My grandfather would often eat a pear after dinner. He and my grandmother would visit every Sunday and my mother would set out fruit and nuts for dessert, a tradition in her family she continued mostly for them. I remember being disappointed in the lack of chocolate cake, the lack of anything sweet, the lack of anything for children. After all, I was six. And in my logic, if a six-year-old was at a dinner, there should be cake. With frosting. Sullen but still wanting dessert, I’d pick walnuts from the bowl. (The almonds were dull, their shells reminded me of band-aids; the hazelnuts were the sweetest, but they were too hard for me to crack and my Dad hoarded those; the Brazilian nuts tasted like dirt.) Usually, my mother would crack a walnut for me, and I would nibble it slowly so I would finish eating it just as she finished cracking another.
I remember the night I wanted to use the nutcracker myself. Silver and jutted, it was a contraption I could barely get my hands around. I have no idea what changed in me, what made me want to be more like the adults at the table than the children. I remember standing up to get enough leverage on the nutcracker. Even with all my pressure on the walnut, I only created a fissure in the shell—just large enough from which to pry the meat loose. That was success. I ate as much walnut skin as nut meat. This led to coughing, thirst, and complaints about the lack of cake.
My grandfather, who was dark and stooped, chose a pear from the bowl. He held the pear in one hand, deep in his palm. And with his other, he held a knife close to the blade. With the blade pressed to the pear, he turned the fruit. He kept the knife perfectly still. I thought it was magic. Streamers of light green spun onto his plate. He sliced a piece of pear and he offered it to me. The pear, still on the blade, skated in its juice. I was careful not to cut myself as I lifted the fruit from the knife. My little thumb touched his big one. I remember feeling the hard ridges of his thumb compared to the soft flesh of the pear. I placed the pear on my tongue and closed my mouth around it. I chewed but didn’t need to. It melted on my tongue into a serum of pleasure. Sweet, earthy, more like cream than pulp.

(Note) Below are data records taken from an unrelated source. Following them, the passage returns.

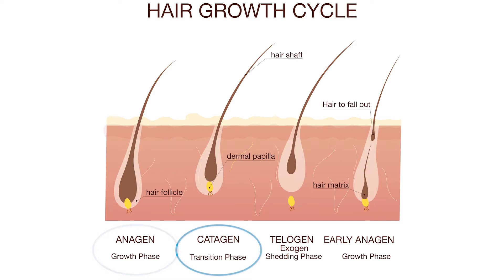Two, the catagen stage. During this stage, the hair stops growing and detaches from the blood supply. The time the follicle spends in this stage is very short.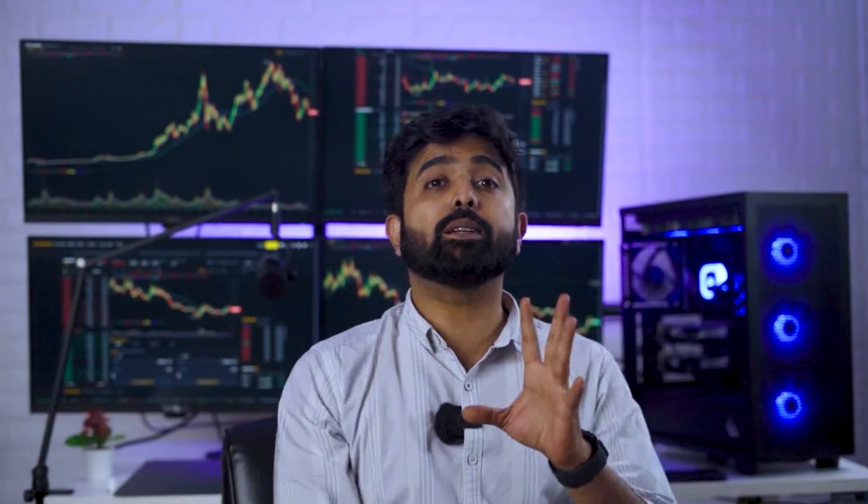Now if you are not someone who is familiar with these kind of setups, you might be thinking — is it really necessary?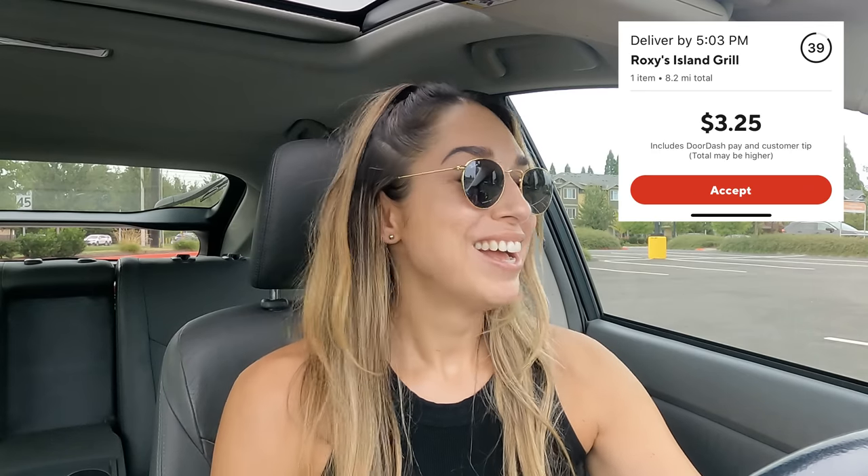Then it gets even worse — 8.2 miles for $3.25. Absolutely not. And then 11.8 miles for $6.25 for Popeyes. No, no, no — that's a decline. So of course I hold out and wait, as I usually do.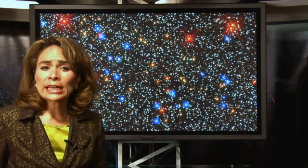Knowing how the stars move will help scientists understand what's going on deep inside these stellar islands. But seeing the details of these beehive swarms wasn't easy to do until Hubble came along.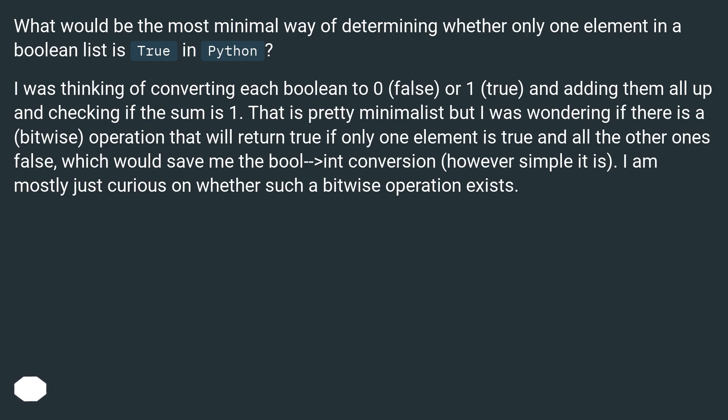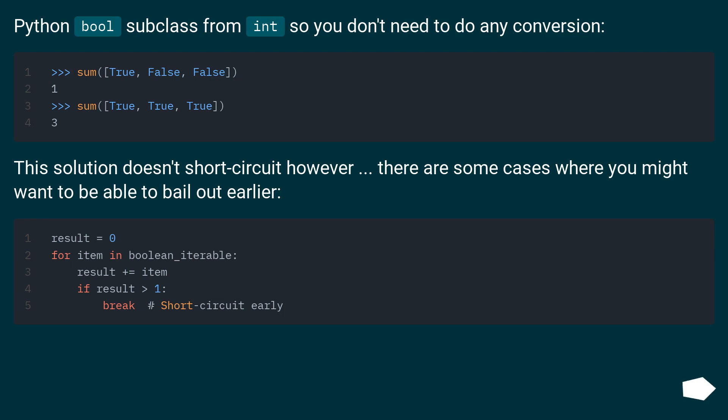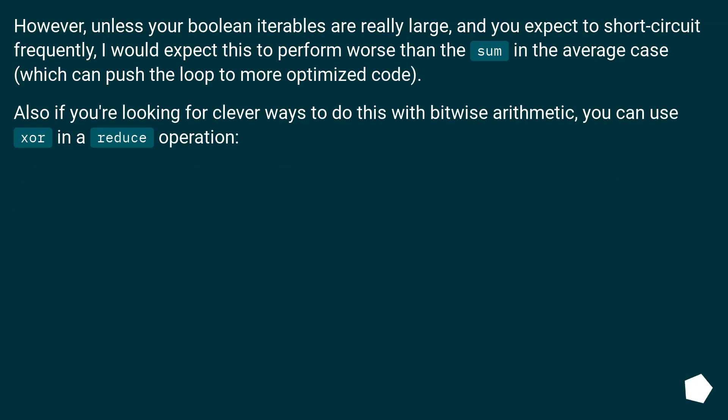I am mostly just curious on whether such a bitwise operation exists. Python booleans subclass from int, so you don't need to do any conversion. This solution doesn't short-circuit however — there are some cases where you might want to be able to bail out earlier. Unless your boolean iterables are really large and you expect to short-circuit frequently, I would expect this to perform worse than the sum in the average case, which can push the loop to more optimized code.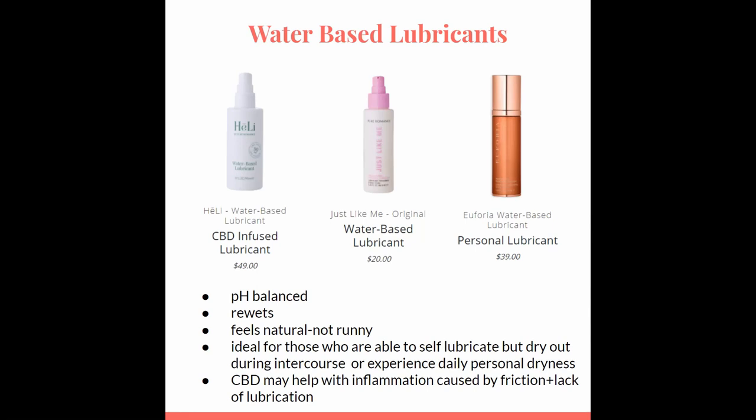It will not feel goopy and gross like after you're done having a pap smear. You can find a water-based lubricant with CBD as well. This may help provide extra protection from friction, inflammation, and pain. Both the Just Like Me and Euphoria lubricants are FDA cleared and can be used with condoms, so you don't have to worry about those breaking.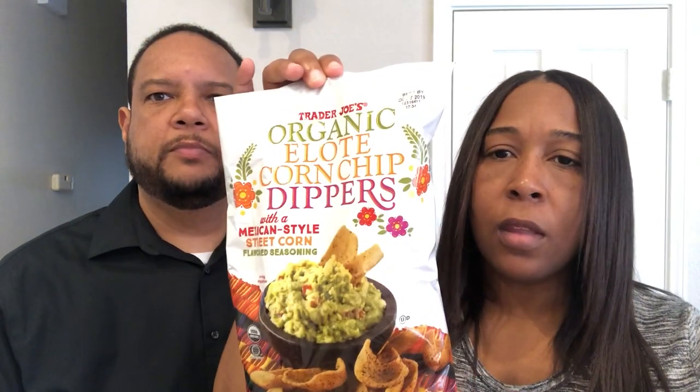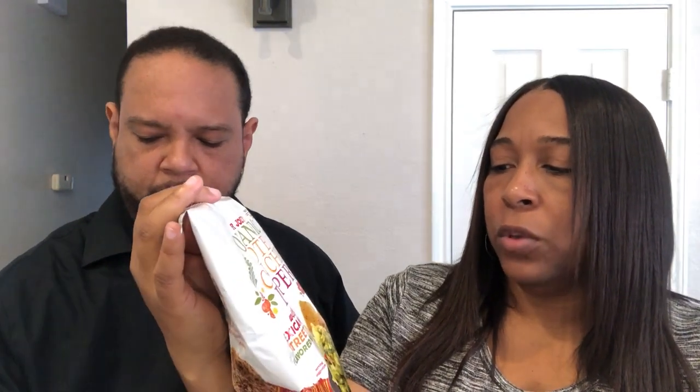The last thing we have are these organic elote corn chip dippers. They're supposed to be flavored like Mexican-style street corn, which is what elotes are. They sell them at farmers markets and things like that — the elote is either corn on the cob or corn taken off the cob in a cup, seasoned with all these different spices. They look really highly seasoned.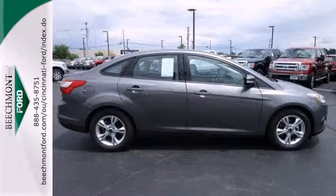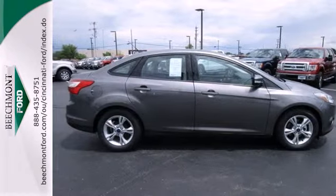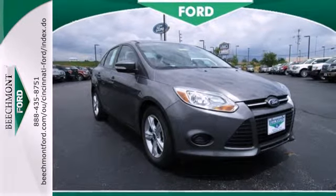With economy of operation and an efficient use of space, you'll want to spend your entire day behind the wheel of this Focus. Come take a look.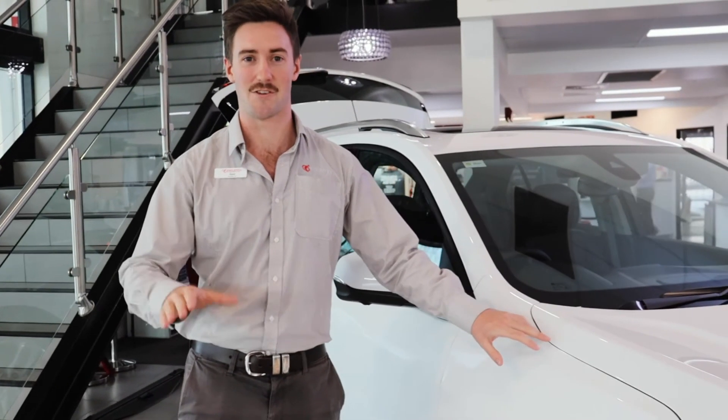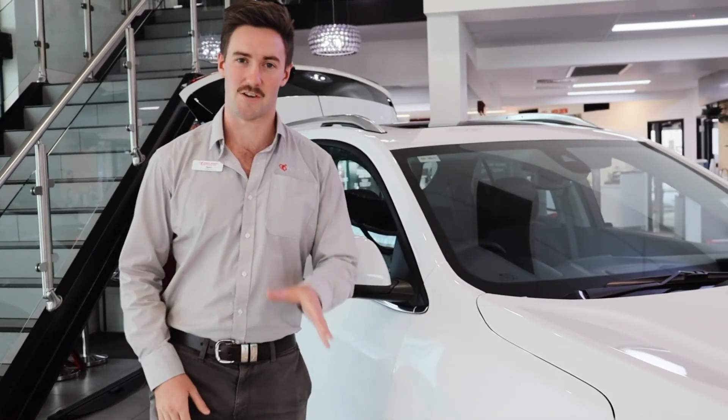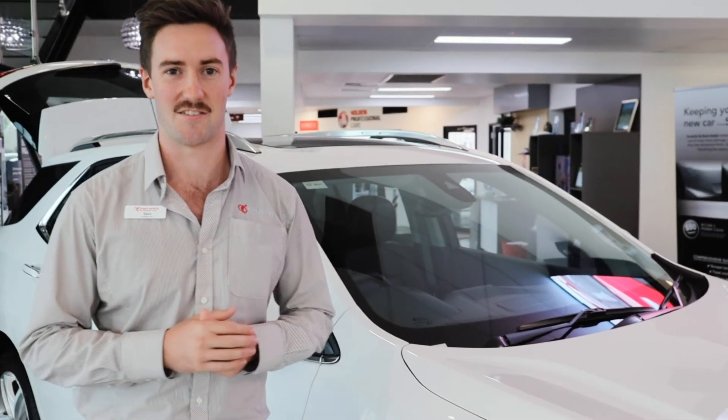It has an amazing amount of power. So folks, if you're interested, please give us a call on 4052 3666. If you need to, we do have on-site finance as well as insurance options. Thanks.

My grandfather died not long after that dinner.
I don’t remember that dinner for the moment I first felt the desire to be independent, the desire to do things on my own; I don’t remember it for the moment I discovered pears and how much I loved eating them—although both firsts are true. I remember that dinner as the moment my grandfather reached across the abyss of our years, fed me with love and gave me what was to be my only memory of him.

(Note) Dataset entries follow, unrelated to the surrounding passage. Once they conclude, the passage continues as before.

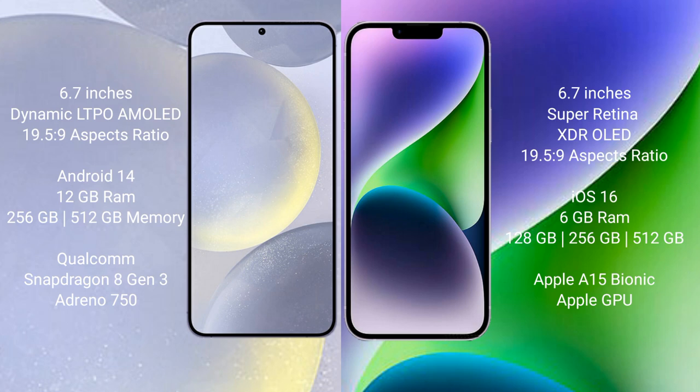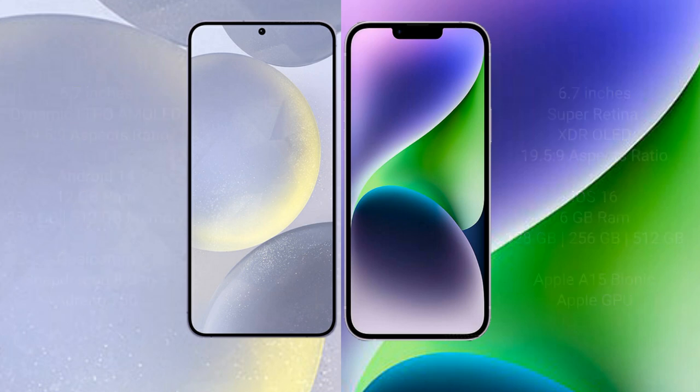Samsung Galaxy S24 Plus comes with 12GB RAM, 256GB and 512GB internal storage, Qualcomm Snapdragon 8 Gen 3 processor and GPU. iPhone 14 Plus comes with 6GB RAM, 128GB, 256GB, and 512GB internal storage, Apple A15 Bionic processor and separate GPU.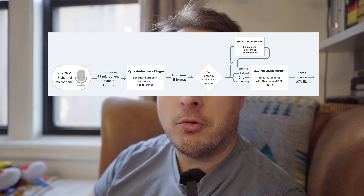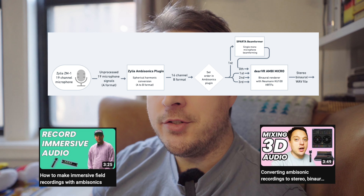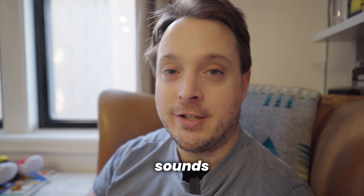I started by making some field recordings with a third order microphone and I processed them into four orders: zero, first order, second order, and third. I created pairs of those orders and presented them to listeners one at a time and asked one simple question: which recording sounds more realistic?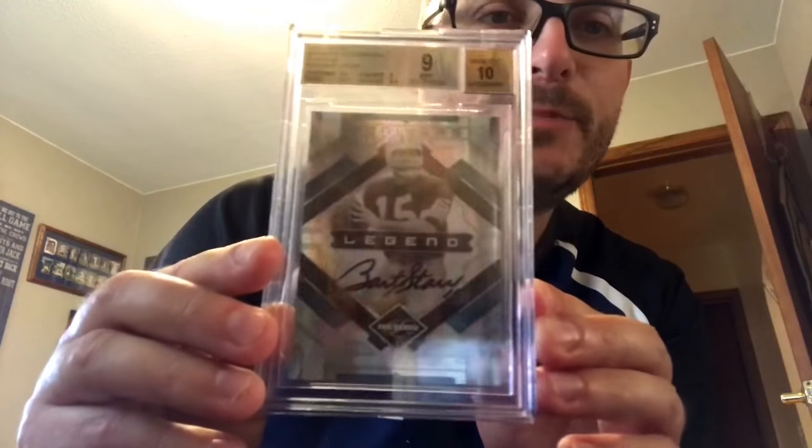Other BGS results: I did my Bart Starr 101 and I missed something on the surface, obviously. It would take a big jump for it to make a 9.5, but it's slabbed and it's got the 10 auto, so it is okay. Since it's a PC card I'm not trying to increase the value — I'm just trying to encapsulate it. If it gems, more power to it; if not, that's fine.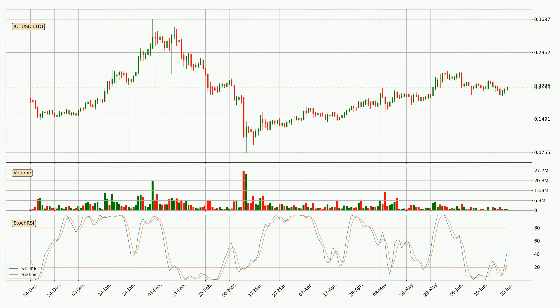Moving to the daily Stochastic RSI, it currently shows no overbought or oversold conditions, but the %K line is over the %D line, which means the current trend is to the upside. Generally, the bigger timeframes have a bigger impact on the price, so keep that in mind when different timeframes show contrasting indicators. Also, the shorter timeframes are only representative for short-term trading.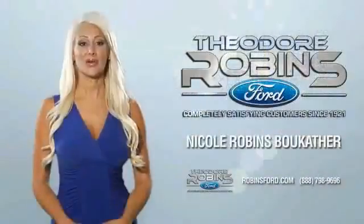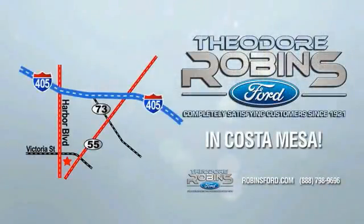This is the time to experience the difference. Theodore Robbins Ford on Harbor Boulevard in Costa Mesa.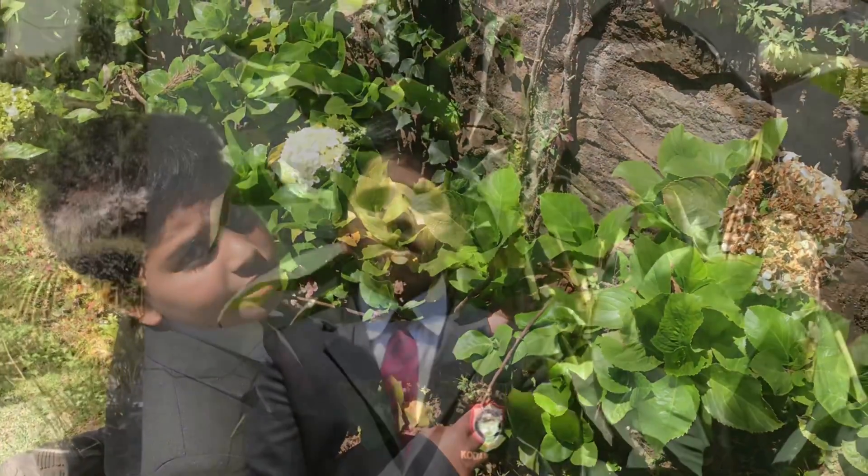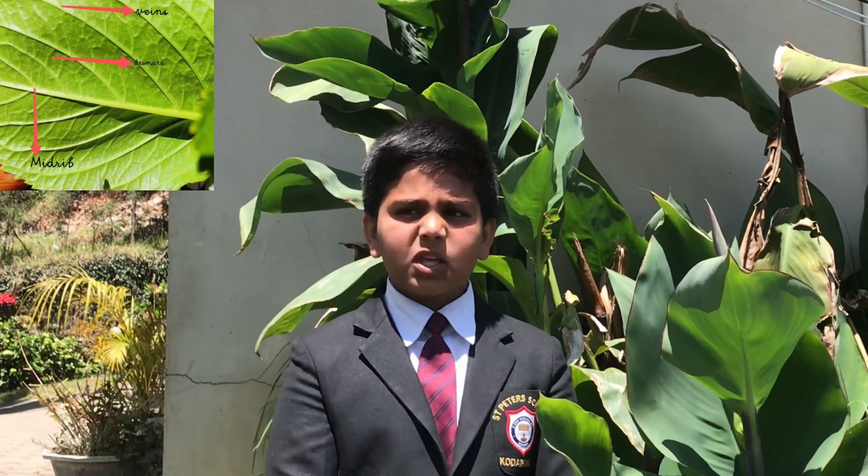The veins branch out from the midrib. They carry water and minerals. These are the interesting facts about leaves. I hope you enjoyed this video. We will meet you with another exciting topic. Thank you.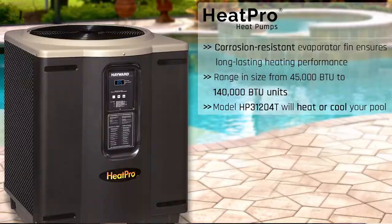Our product line also features a 140,000 BTU unit to heat your pool over a wide range of temperatures, and we also feature a heat and cool unit that will cool your pool in warmer climates.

His jeans were cowboy style. Wranglers or the like. Each back pocket sported a gold-stitched vee, making them unadorned by today’s couture standards of denim. These same jeans could be found in the boys’ section of Sears that advertised, “for your rugged little tyke.” They sagged in the seat and pulled across his thighs. Ironed flat, these jeans looked new. His belt, thick and tan, was cheap to the touch. But from afar, its discoloration from age was often mistaken for the unevenness of real leather. The buckle was a classic loop rather than a solid brass statement. His saddle shoes matched the exact color of his belt. The brown tee shirt, which he wore tucked in and pressed, read Harrys’ Sports. No one ever noticed the typo or the faded stains under his armpits. What they noticed was the dancing pig wearing a football helmet and a catcher’s mitt, the dialogue bubble reading, “come play with me, babe.”